Reforma constitucional: el PSOE

El Partido Socialista presentó este miércoles su proyecto de reforma constitucional, aprobado por la Ejecutiva socialista, ratificado por el Consejo de Política Federal que preside Susana Díaz y basado en buena medida en la declaración de Granada, el ambiguo pacto territorial arrancado por Rubalcaba a sus barones en julio de 2013 para pacificar el partido en aquella peliaguda materia. Como es conocido, para redactar la reforma, en julio pasado se constituyó un 'comité de sabios' formado por catorce personas, constitucionalistas y juristas, entre los que se encontraban Diego López Garrido, Elisa Pérez Vera, Amparo Rubiales, Meritxell Batet, José Antonio Montilla, Mariano Bacigalupo, etc.

La propuesta, compendiada por ahora en un documento que no la explicita por completo, no se plantea como una respuesta al conflicto catalán ni se quiere considerar un proyecto cerrado ya que, como es natural, habrá de ser contrastada con otras sugerencias de los demás partidos al objeto de conseguir un amplio consenso. Los cinco objetivos declarados son éstos: incorporar a la Carta Magna mecanismos que garanticen el Estado de Bienestar; fortalecer y ampliar los derechos y libertades; mejorar la calidad democrática y las instituciones; formalizar un nuevo pacto territorial, y articular la vocación europea e iberoamericana de España.

De lo divulgado, se desprende que no se pretende desarticular la Constitución vigente sino reforzarla, con especial hincapié en el Título VIII. El nuevo pacto territorial consistiría por tanto en "reformar la estructura del Estado con los principios y técnicas del federalismo", un sistema "que defiende la unidad del Estado, respetando la diversidad, a partir de una distribución interna de poderes y responsabilidades que combina los intereses generales del Estado y, simultáneamente, las aspiraciones e intereses específicos, en nuestro caso, de las comunidades". Lógicamente, la propuesta da mucha importancia al reconocimiento de las singularidades de las distintas comunidades y regiones "y sus consecuencias concretas: lengua propia, cultura, foralidad, derechos históricos, insularidad, organización territorial o peculiaridades históricas de derecho civil". Y en un gesto a la vieja reclamación catalana de ordinalidad -que una región donante no pierda posiciones con respecto a las que se benefician de ella-, la propuesta invoca la debida "atención a la precisión del TC de que la contribución interterritorial no coloque en peor posición relativa a quien contribuye respecto de quien se beneficia".

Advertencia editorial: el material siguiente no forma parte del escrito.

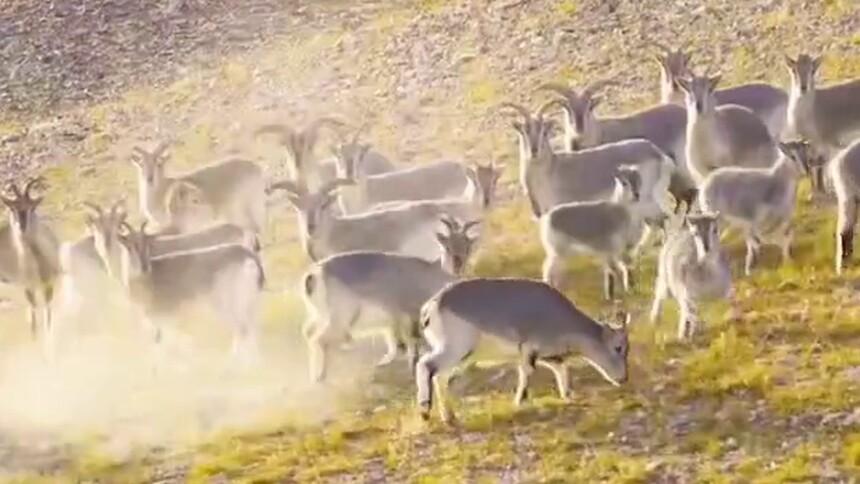 秀我中国｜阿尔金山的“神奇动物”有哪些？
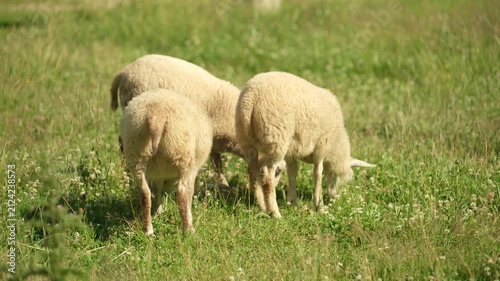 A group of sheep are grazing in a field next to a farm.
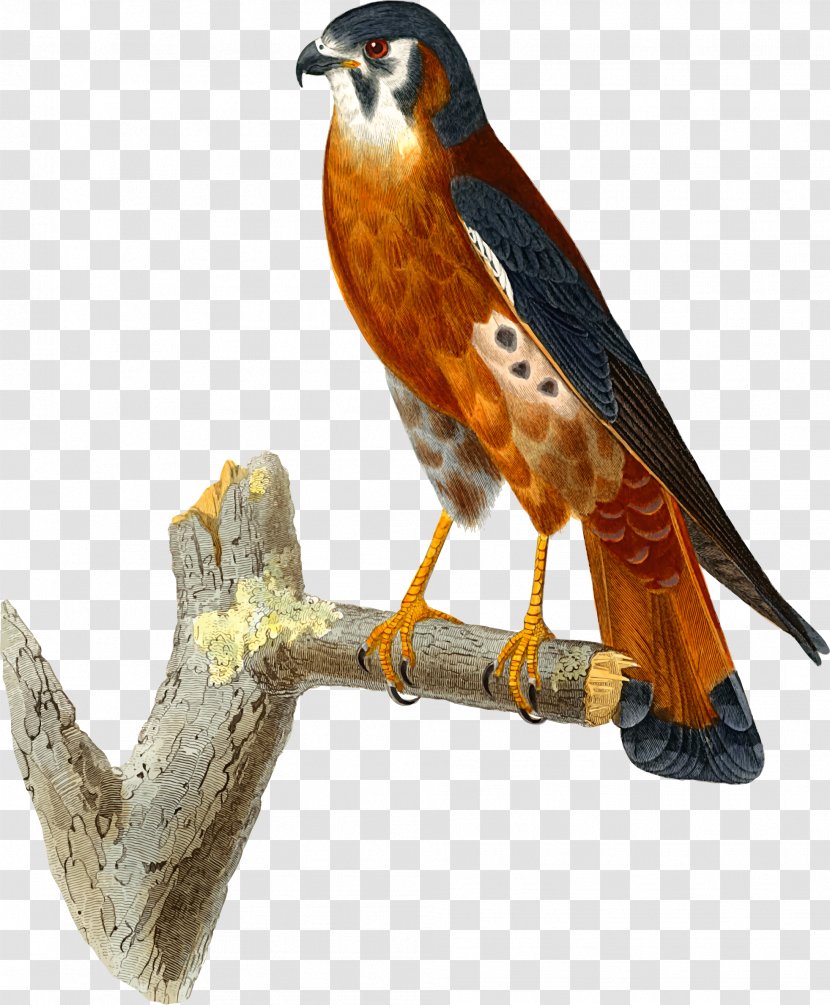 Clip Art Hawk Falcon Openclipart American Kestrel - Accipitriformes Transparent PNG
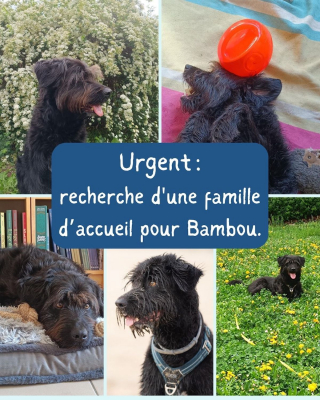 Illustration de l'article : Ce chien rêve d'être adopté par une famille aimante et dynamique, mais ne reçoit aucune demande malgré ses nombreuses qualités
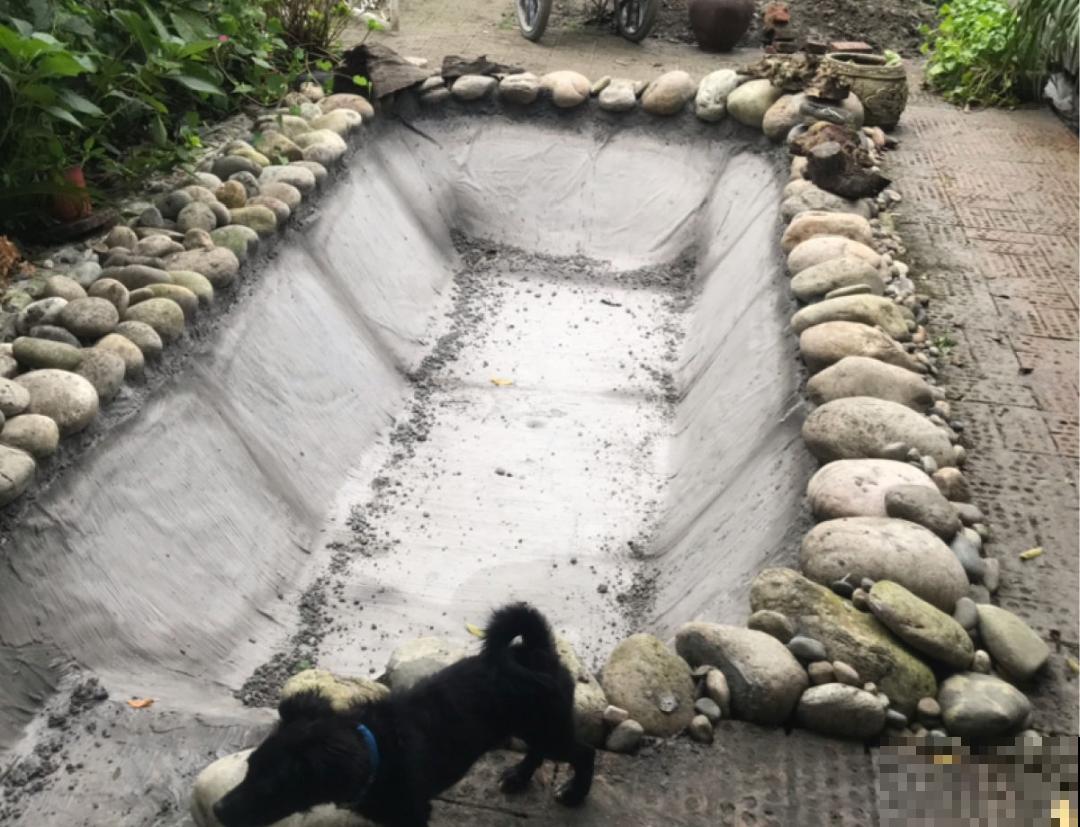 植物搬出门，痛快淋场雨，植物越来越旺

La oportunidad de la reforma constitucional es difícilmente cuestionable. Aunque existe seguramente un consenso muy amplio sobre las virtudes de la Constitución de 1978, que debe ser preservada en sus líneas maestras, es inocultable que el régimen se ha desgastado -la corrupción ha sido el ácido que ha causado mayor corrosión-, por lo que parece necesario infundirle nueva vitalidad. Además, el modelo de organización territorial surgido en el 78 ha estallado por los aires en Cataluña, y ello obliga a revisar el actual statu quo para buscar una nueva convergencia que pueda proyectarse en el futuro.

Sobre este último asunto, sería ingenuo pretender que los independentistas abdicaran de sus convicciones y se adhirieran a una reforma constitucional que, como es natural, mantiene la tesis de que "el Estado está fundado ineludiblemente en la unidad del sujeto constituyente, el pueblo español en el que reside la soberanía". Sin embargo, es claro que el grueso de la sociedad catalana, parte de la cual está irritada con los últimos avatares del sistema territorial y del de financiación, apreciaría en lo que vale el gesto de ofrecer nuevos cauces de entendimiento, contando como es lógico con el conjunto de las comunidades autónomas. En este sentido, la reforma es una buena idea, que para materializarse requiere, sin duda, la complicidad activa del PP y de la mayoría de las demás organizaciones.